Homebuilders gaining confidence | Chappaqua Real Estate

Homebuilder confidence increased in August as new construction and new home sales increase, according to the Housing Market Index by the National Association of Home Builders and Wells Fargo.

Builder confidence in the market of newly constructed single-family homes in August rose two points to 60, up from July’s downwardly revised reading of 58, according to the index.

“New construction and new home sales are on the rise in most areas of the country, and this is helping to boost builder sentiment,” said NAHB Chairman Ed Brady, a homebuilder and developer from Bloomington, Ill.

Derived from a monthly survey that NAHB has been conducting for 30 years, the NAHB/Wells Fargo HMI categorizes builder perceptions of current single-family home sales and sales expectations for the next six months as good, fair or poor.

The survey also asks builders to rate traffic of prospective buyers as high to very high, average or low to very low. Scores for each component are then used to calculate a seasonally adjusted index where any number over 50 indicates that more builders view conditions as good than poor.

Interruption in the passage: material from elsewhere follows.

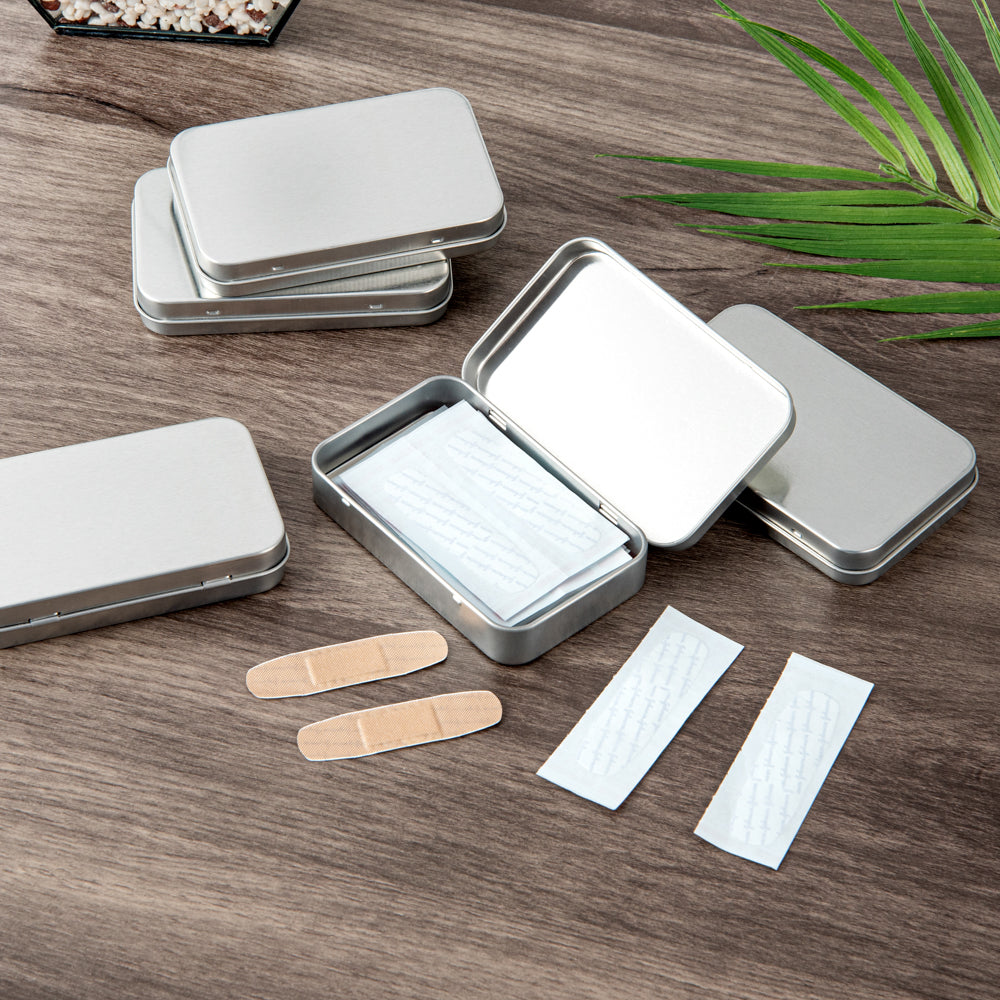 Chef 101 6 oz Rectangle Silver Tin Container - with Hinged Lid - 100 count box
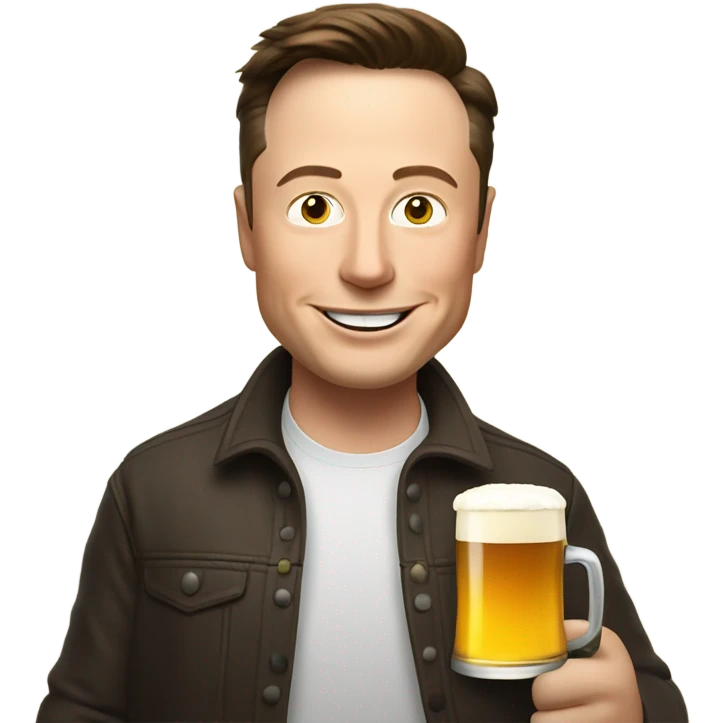 Elon musk drinking a beer emoji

“Builder confidence remains solid in the aftermath of weak GDP reports that were offset by positive job growth in July,” said NAHB Chief Economist Robert Dietz.  “Historically low mortgage rates, increased household formations and a firming labor market will help keep housing on an upward path during the rest of the year.”

In the second quarter of 2016, real gross domestic product, the value of everything a nation produces, grew at a rate of only 1.2% from last year, according to the estimate released by the Bureau of Economic Analysis.

On the other hand, total non-farm payroll employment increased by 255,000 in July, far above what experts predicted.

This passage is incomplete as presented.